TASK STATEMENT: Please restate the data that follows word for word, with the pictures left out.

DATA SECTION:
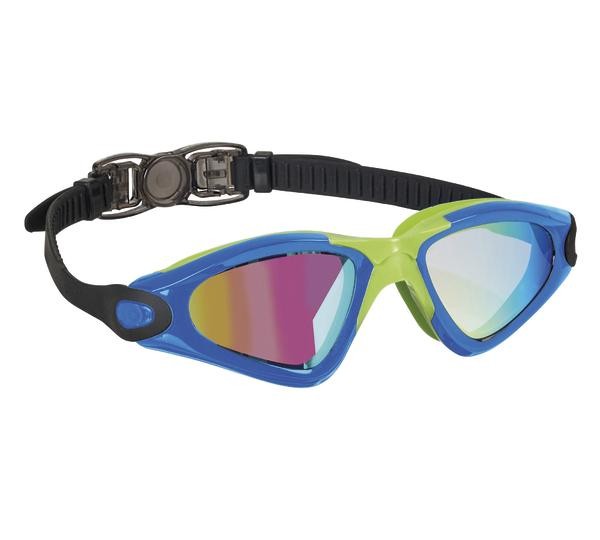 BECO Schwimmbrille CALAIS MIRROR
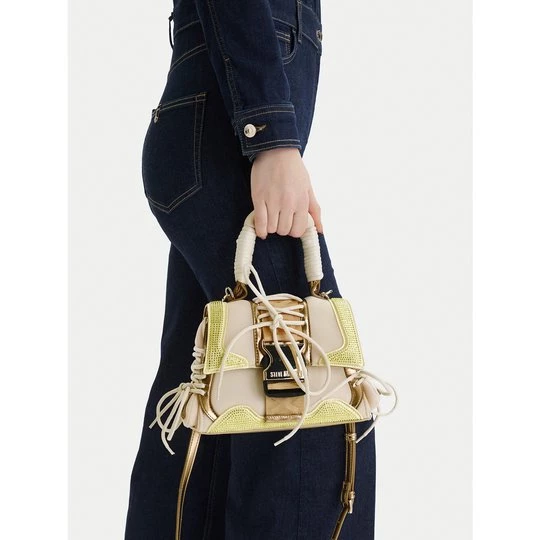 Obrázek produktu Kabelka Steve Madden Bdiego-A 13002327 Žlutá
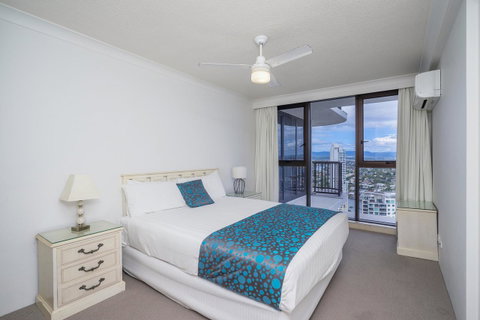 Surfers Aquarius On The Beach - Accommodation Yamba 39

ANSWER:
 BECO Schwimmbrille CALAIS MIRROR
 Obrázek produktu Kabelka Steve Madden Bdiego-A 13002327 Žlutá
 Surfers Aquarius On The Beach - Accommodation Yamba 39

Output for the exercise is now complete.